Mr. Brokaw said he flew into New York last week expressly to meet with Mr. Wright. “I told him Bill is definitely interested in buying NBC, and Mr. Wright eventually said that NBC is not for sale.”
For more than two years, NBC has been the subject of continuing rumors that it is for sale, especially since its ratings have gone into a steep decline.
Mr. Brokaw said he and Mr. Cosby had decided “to fully pursue a deal” for NBC. He added that Mr. Cosby had met with his lawyer, Herbert H. Chaice, to discuss the details of the possible purchase.
Mr. Chaice, of the Manhattan firm of Patterson, Belknap, Webb Tyler, said he had talked with investment houses about Mr. Cosby’s becoming what he called “one of a number of principals” in such a purchase. “It’s not likely that Bill will do the whole thing, nor would I consider it prudent that he try to,” Mr. Chaice said.
Mr. Brokaw said Mr. Cosby had held preliminary talks with “a couple of individuals” on being partners in an NBC takeover.
Neither Mr. Brokaw nor Mr. Chaice disclosed how much Mr. Cosby might be willing to pay for NBC.
But analysts said the asking price for NBC was likely to be about $4 billion. General Electric paid $6.5 billion when it acquired the network’s parent company, the RCA Corporation, in 1986. General Electric has since sold off RCA’s electronics divisions and acquired several other television properties, including the cable channel CNBC.

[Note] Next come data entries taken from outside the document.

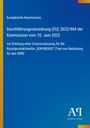 Europäische Kommission, Durchführungsverordnung (EU) 2022/964, Biozidproduktfamilie „SOPUROXID“. Blau mit gelbem Rand.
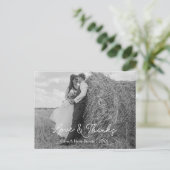 Carte postale élégante de Merci Mariage (Debout devant)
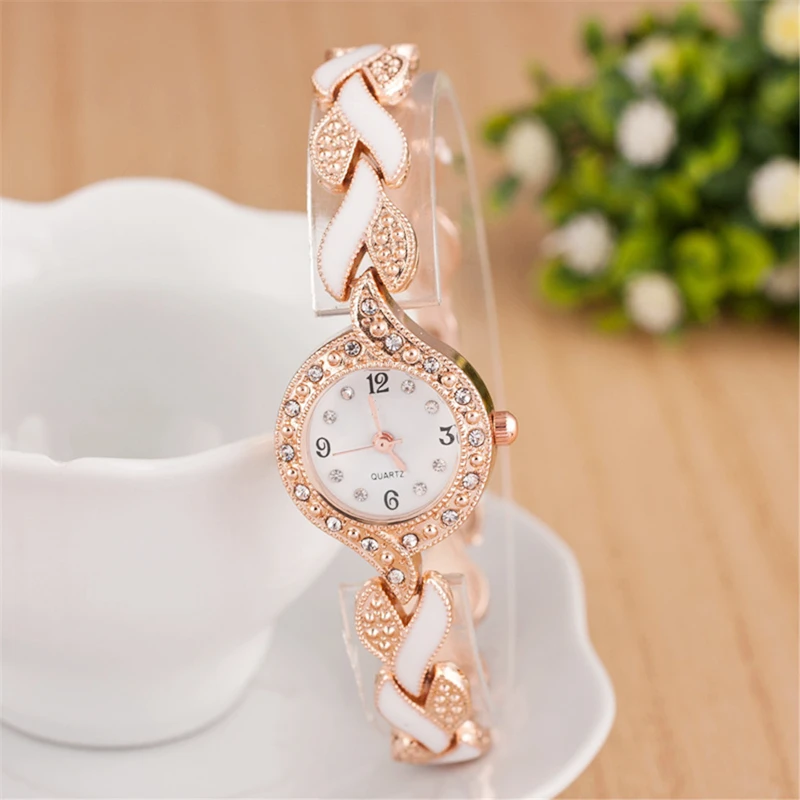 

New Brand Bracelet Watches Women Luxury Crystal Dress Wristwatches Clock Women's Fashion Casual Quartz Watch Reloj Mujer Gfts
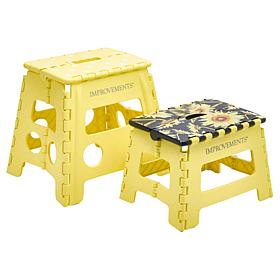 "As Is" Improvements 14.5" and 12.5" Folding Plastic Step Stools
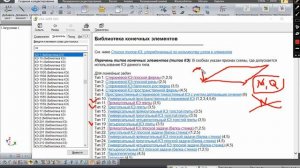 Библиотека КЭ ПК "Лира-САПР".   Основные типы КЭ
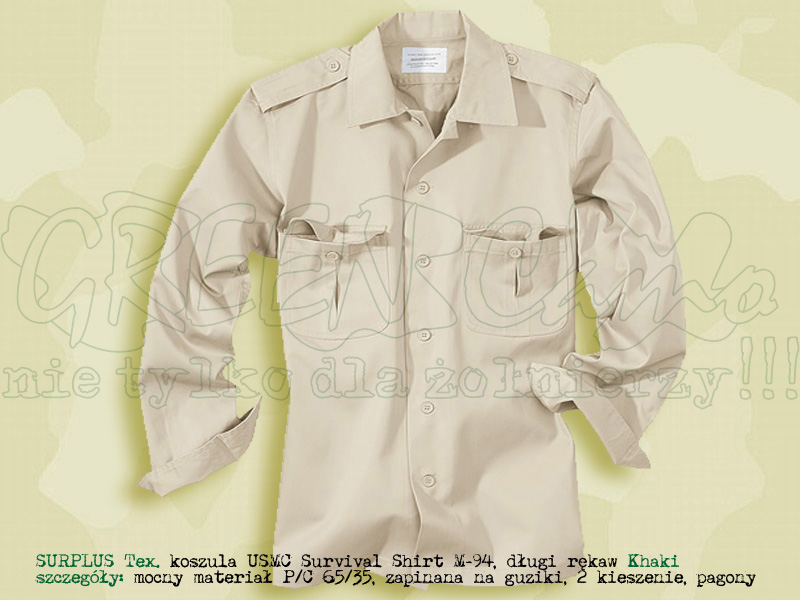 Surplus Tex. koszula USMC M-94 1/1 Khaki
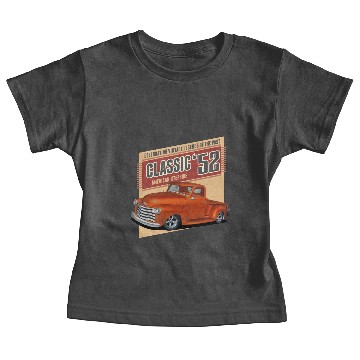 Discover 1952 STEPSIDE ORANGE Baby Tees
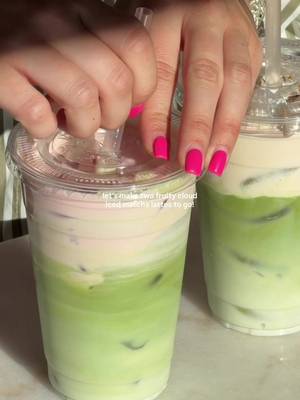 FRUITY CLOUD ICED MATCHA 🍵☁️ #ad Leveling up these iced matcha lattes with a two ingredient cloud foam topping made with @Twinings USA Refreshers!! These herbal tea instant beverages from Twinings are a versatile addition to any recipe, but you can also simply enjoy Twinings Refreshers with water and ice for a fruity and refreshing beverage 💕 ICED MATCHA 🍵 Grab two to-go cups. Add ice and 1/2 cup milk to each. In a separate container, whisk together two servings of matcha. I use two large spoonfuls of matcha and ~4 oz room temp water for two servings. Whisk together until well combined. Divide between cups. Save room for cloud foam topping. PEACH MANGO CLOUD 🍑🥭 Sift 1 packet of Twinings Peach Mango Refreshers mix into a glass. This allows you to keep the bits of real peach as a topping!! Add 1/4 cup heavy whipping cream. Combine well with an electric whisk. Add to one of the iced matcha lattes. Sprinkle the bits of real peach on top. STRAWBERRY RASPBERRY CLOUD 🍓🌸 Sift 1 packet of Twinings Strawberry Raspberry Refreshers mix into a glass. Set the bits of real strawberry aside.  Add 1/4 cup heavy whipping cream. Combine well with an electric whisk. Add to one of the iced matcha lattes. Sprinkle the bits of real strawberry on top. #twiningsusapartner #matcha #icedmatcha #coldfoam refreshers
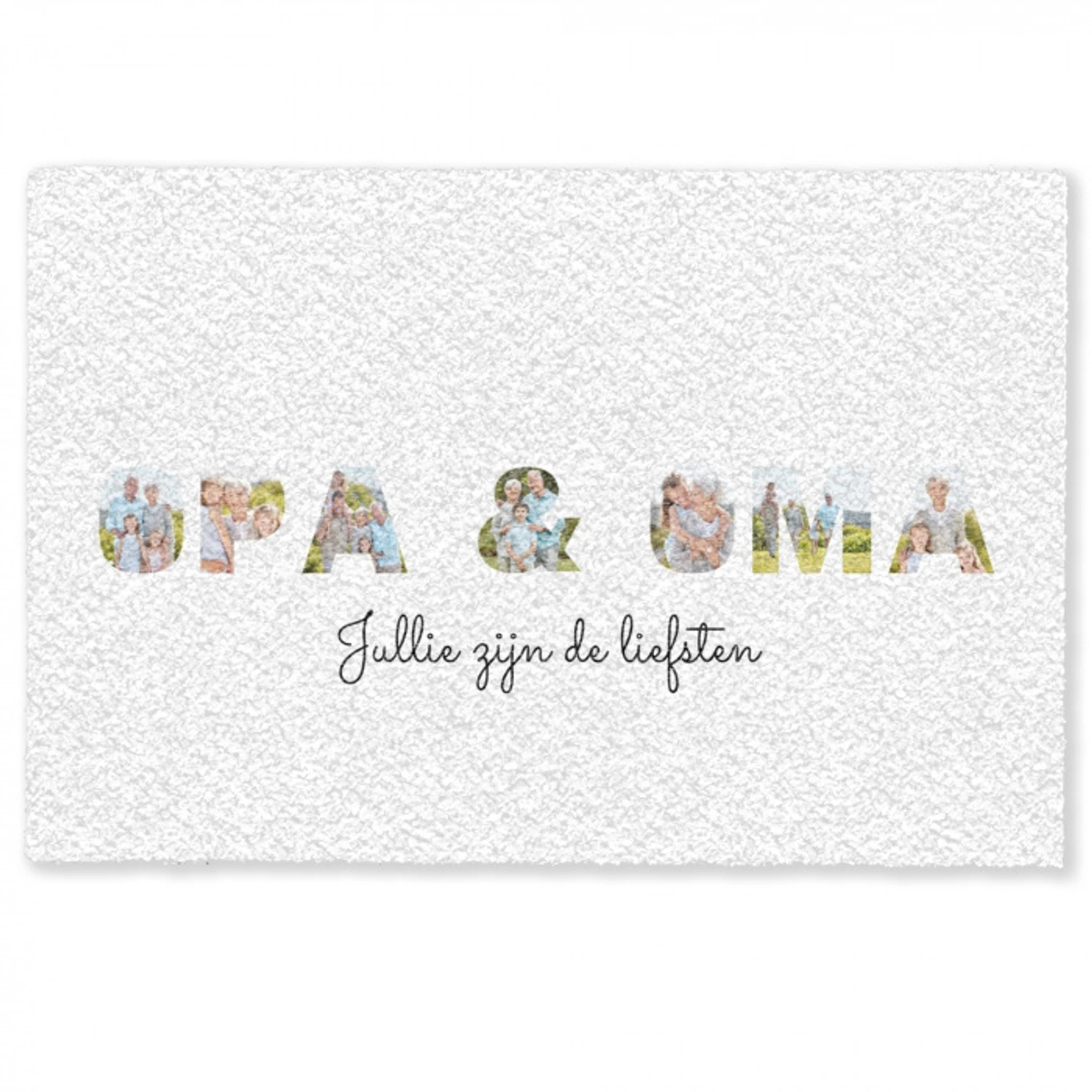 Opa & Oma - Lettercollage Deurmat klein -zkaufland3d
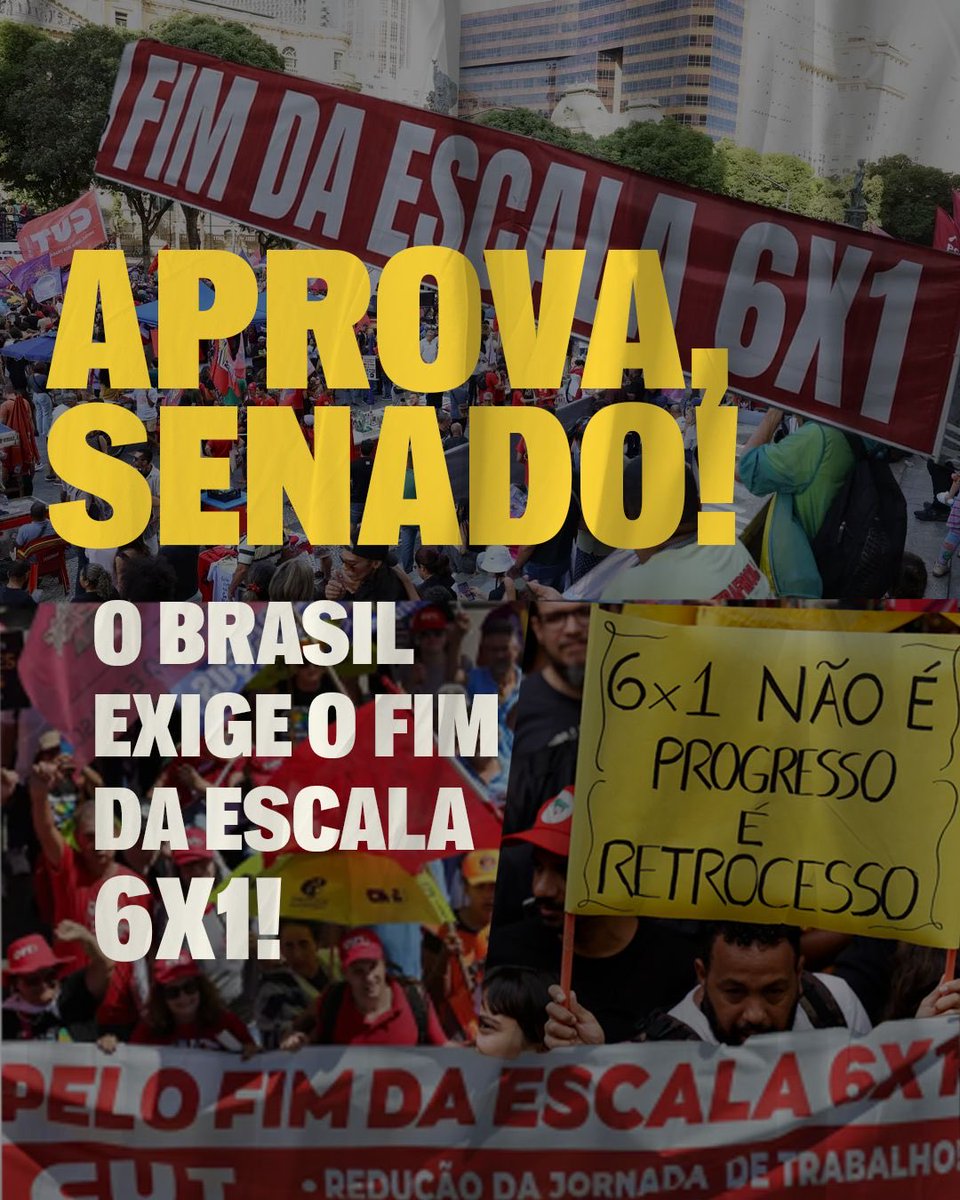 gladysalvim's tweet photo. Pressione o presidente do Senado, Davi Alcolumbre, a colocar em votação o fim da escala 6x1, sem redução de salário. Terça (30) é dia de atos por todo o Brasil. Marque os senadores do seu Estado e vamos fazer pressão!
✊🇧🇷 #AprovaSenado
@davialcolumbre

https://t.co/wgYEALasDl https://t.co/FLGLpsRAop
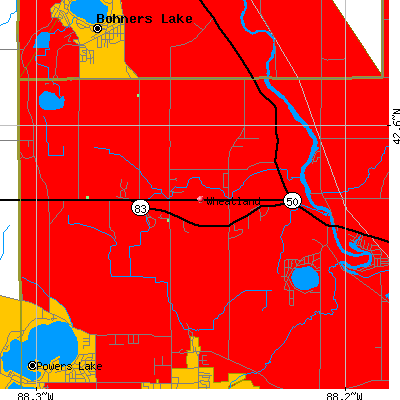 Wheatland map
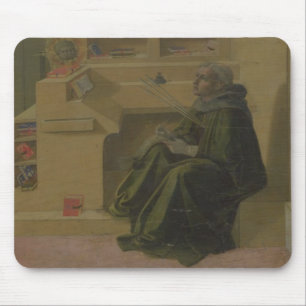 St. Augustine in his Study (predella of the Barbad Mouse Pad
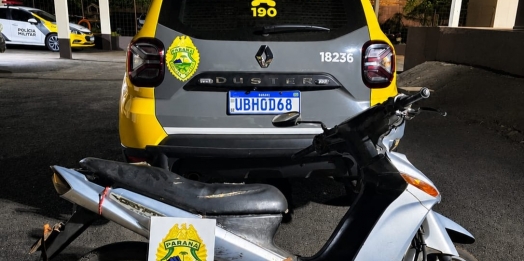 São Miguel do Iguaçu: Condutor sem CNH é flagrado com cocaína em motoneta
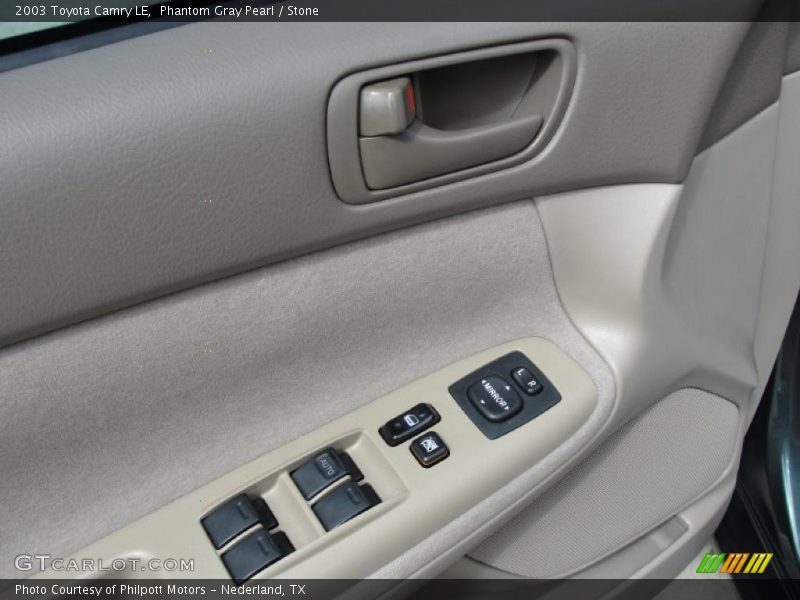 Phantom Gray Pearl / Stone 2003 Toyota Camry LE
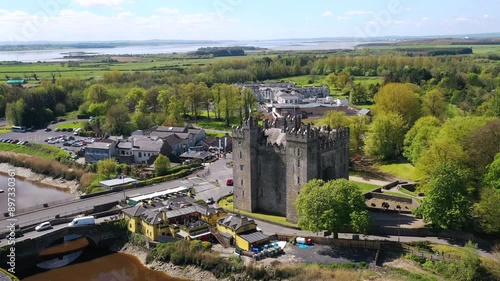 15th-century Bunratty castle in Co. Clare, Ireland photo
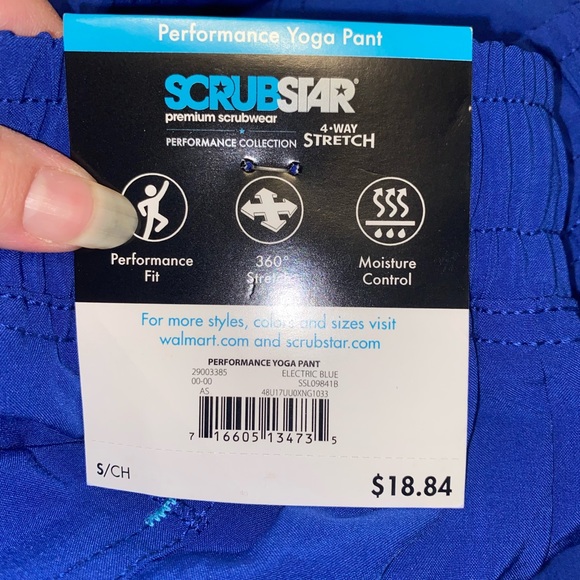 Scrubstar 4 Way Stretch Scrub Yoga Pant 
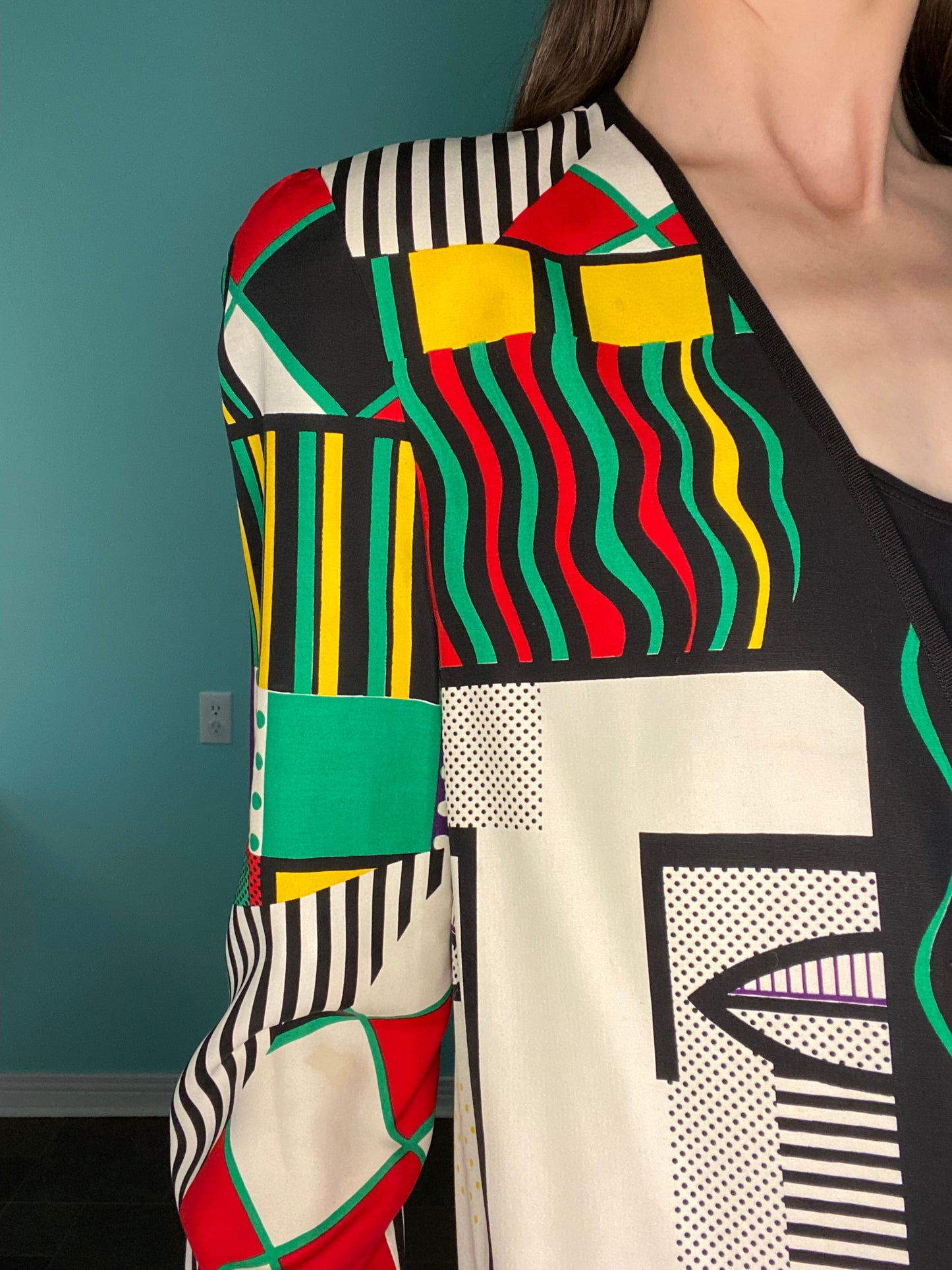 VINTAGE PICASSO INSPIRED "SIMON CHANG" BLAZER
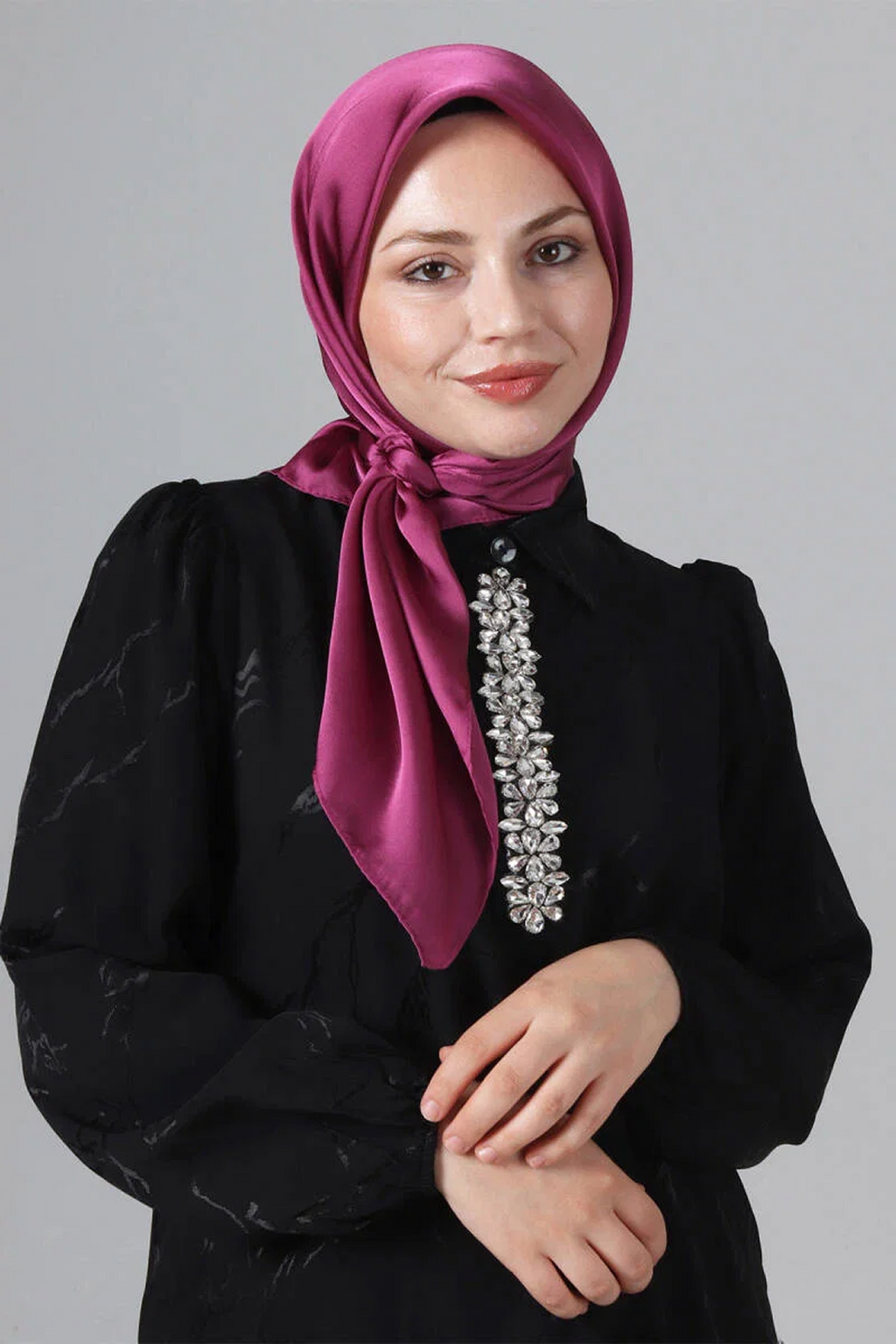 Harem 25y Como Eşarp Koyu Fuşya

General Electric’s stock gained $1.125 yesterday, to close at $77.75 on the New York Stock Exchange. Cosby Has No Comment
Mr. Brokaw said Mr. Cosby, who was in Philadelphia yesterday taping his new syndicated television series “You Bet Your Life,” would have no comment on the offer..
But Mr. Brokaw denied some news reports yesterday indicating that the deal was dead. “This is a real story,” he said. “Bill authorized me to come to New York and meet with Bob Wright.”
And Mr. Chaice said: “We understand they said NBC is not for sale. What inferences you can draw from that I’m not sure of. But in my mind, everything is for sale. It just depends on what the seller and buyer agree upon.”
As it has done in the past, NBC declined to comment on the possibility that the network might be sold.
But one senior NBC executive, who spoke on condition of anonymity, said that Mr. Brokaw had exaggerated the seriousness of his discussions with Mr. Wright.
Mr. Cosby’s personal wealth has been estimated at $300 million. The entertainer owns a substantial piece of “The Cosby Show,” his longtime comedy hit, which was produced by the Carsey-Werner Company and ended an eight-year run on NBC last spring. Mr. Brokaw pointed out that syndication sales of reruns of “The Cosby Show” to local television stations were very strong. “The show is approaching $1 billion in syndication,” he said. ‘Warm Feelings’ About NBC
Mr. Brokaw characterized Mr. Cosby’s interest in buying the network in personal terms. “Bill has very warm feelings about NBC,” he said. “He got his break there almost 30 years ago in ‘I Spy.’ Then he had the most financially successful show of all time there in the 1980’s.”
He said Mr. Cosby was interested in making quality television shows and that he would surround himself with “good people” to handle all the details of running a network.
Over the last two years, there have been several rumored suitors for NBC — most notably Paramount Communications Inc. and Barry Diller, the former chairman of Fox Inc. But neither Paramount nor Mr. Diller has ever confirmed that they have tried to buy the company.
Still, the rumors seemed at least to have inspired Mr. Cosby. “Bill kept reading about Barry Diller and Paramount,” Mr. Brokaw said. “He approached me a couple of weeks ago and said: ‘We’re been hearing about all these different people buying NBC. I want you to tell NBC we’re seriously interested.’ “
Some financial analysts have suggested that General Electric probably does want to sell NBC. “There are really only two or three options for NBC,” said John Tinker, a media analyst for Furman Selz Inc. “They can try to rebuild, but the same team is still in place so that doesn’t seem to be the plan. The other option is to sell, but then you have book-value problems. So they’re left to fudge in the middle and every day NBC loses more value.”